The methods created by __create_accessor_mutators()
have three hooks for behavior modification. For any attribute whatever
, these are:
- __attr__whatever__default
-
my ( $self, $value ) = @_; my $code; not defined $value and $code = $self->can( '__attr__whatever__default' ) and $value = $code->( $self );
This is called when the mutator is passed a new value of
undef
. Its only argument is the invocant. It must return a valid value of the attribute.If a subclass overrides this, the subclass probably should not call
$self->SUPER::__attr__whatever__default()
. - __attr__whatever__validate
-
my ( $self, $value ) = @_; my $code; $code = $self->can( '__attr__whatever__validate' ) and $value = $code->( $self, $value );
This method is called after
__attr__whatever__default()
, and validates the value. It rejects a value by throwing an exception. The preferred way to do this is by calling__wail()
.If a subclass overrides this, the subclass must execute
$value = $self->SUPER::__attr__whatever__validate( $value );
before it performs its own validation.
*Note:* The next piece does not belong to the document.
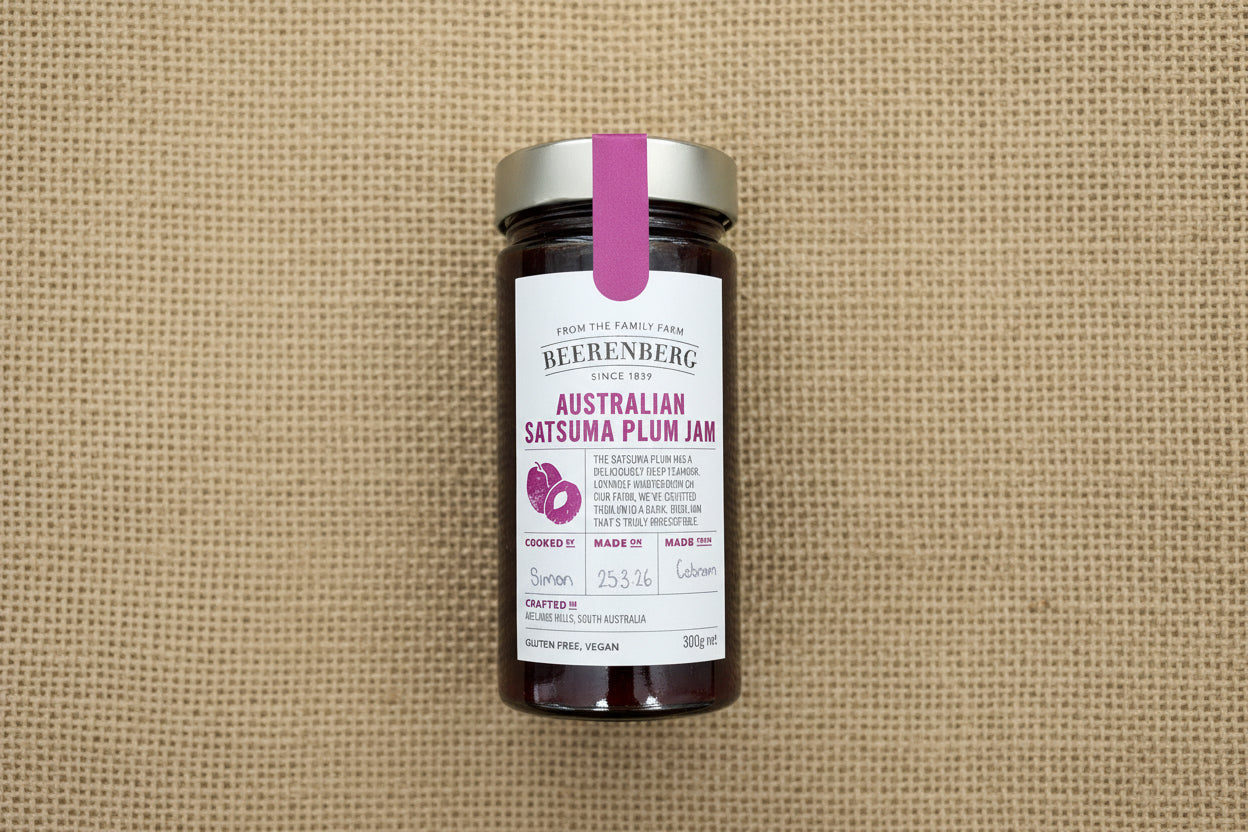 Satsuma plum jam 300g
The superclass method must return the internal format of the attribute's value, which the subclass must return after validating.
- __attr__whatever__post_assignment
-
$self->__attr__whatever__post_assignment()
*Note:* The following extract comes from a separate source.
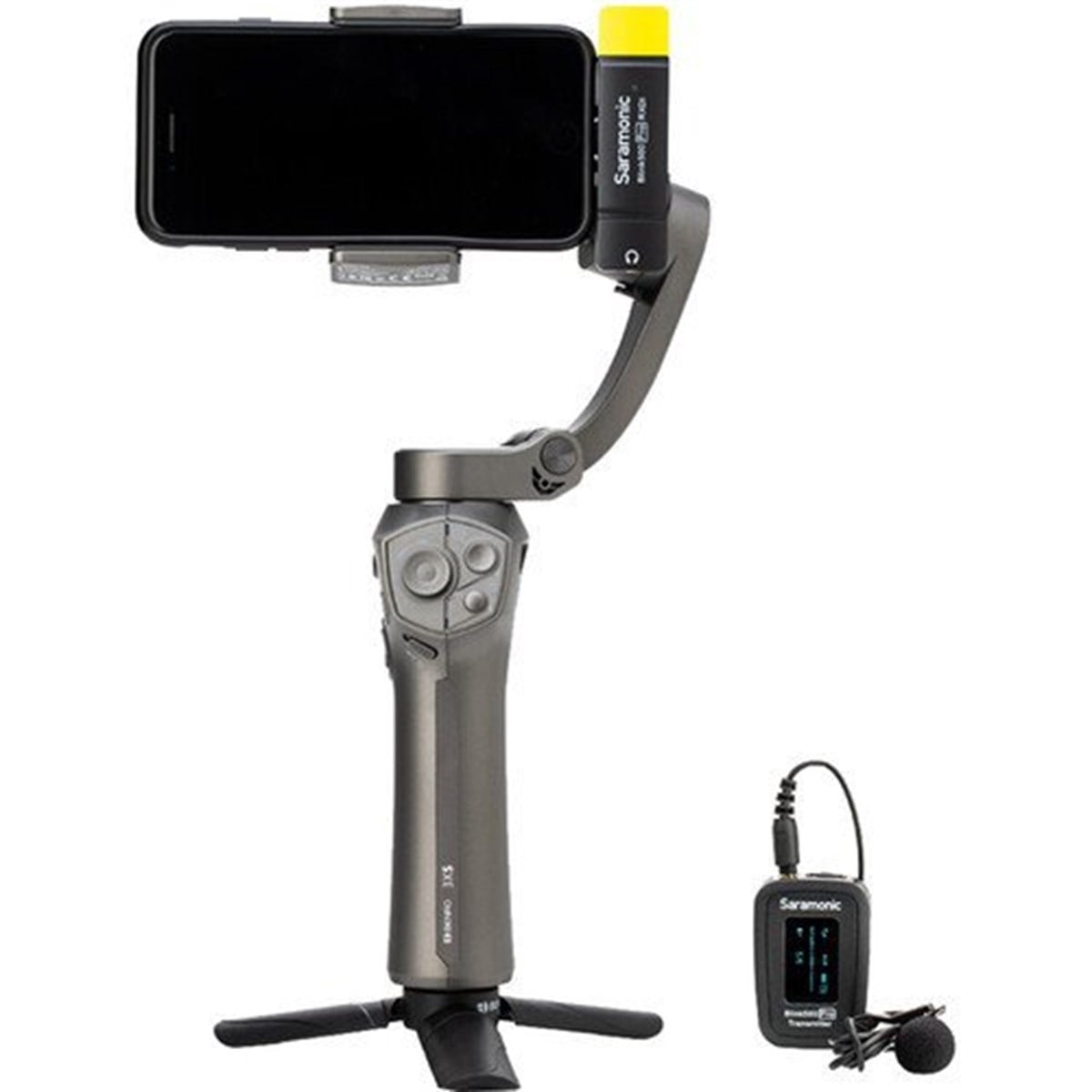 Saramonic Blink500 PRO B3 Kablosuz Yaka Mikrofonu (iPhone)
This method is called after the new value has been assigned to the attribute.
If a subclass overrides this, it must call
$self->SUPER::__attr__whatever__post_assignment()
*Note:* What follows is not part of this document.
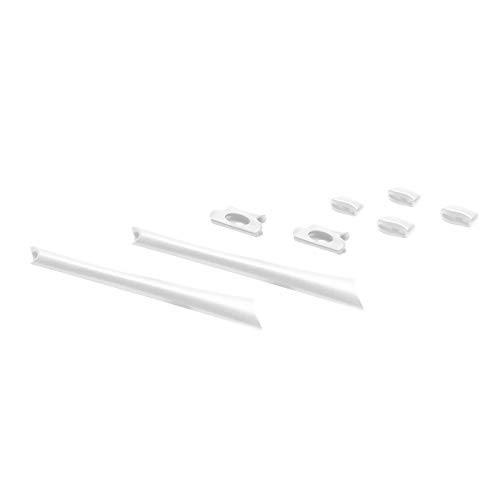 Image of Polarized Replacement Nose Pads Pieces Ear Socks Rubber Kits for Oakley Flak Jacket XLJ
, and it should call it last thing before returning.
All these hooks are optional, but __create_accessor_mutators()
will generate dummy __attr__whatever__validate()
and __attr__whatever__post_assignment()
methods for any attributes that do not have them at the time it is called.
__init
This method is called when a new object is instantiated. Its arguments are a series of name/value pairs. The subclass should override this, and the override should make use of any arguments it recognizes, deleting them from the argument hash as it does so. The override should then call $self->SUPER::__init( %args )
, passing the superclass all unused arguments.
SEE ALSO
CPAN::DistnameInfo, which parses distribution name and version (among other things) from the name of a particular distribution archive. This was very helpful in some of my CPAN ad-hocery.
SUPPORT
Support is by the author. Please file bug reports at http://rt.cpan.org, or in electronic mail to the author.
AUTHOR
Thomas R. Wyant, III wyant at cpan dot org
COPYRIGHT AND LICENSE
Copyright (C) 2012 by Thomas R. Wyant, III
This program is free software; you can redistribute it and/or modify it under the same terms as Perl 5.10.0. For more details, see the full text of the licenses in the directory LICENSES.
This program is distributed in the hope that it will be useful, but without any warranty; without even the implied warranty of merchantability or fitness for a particular purpose.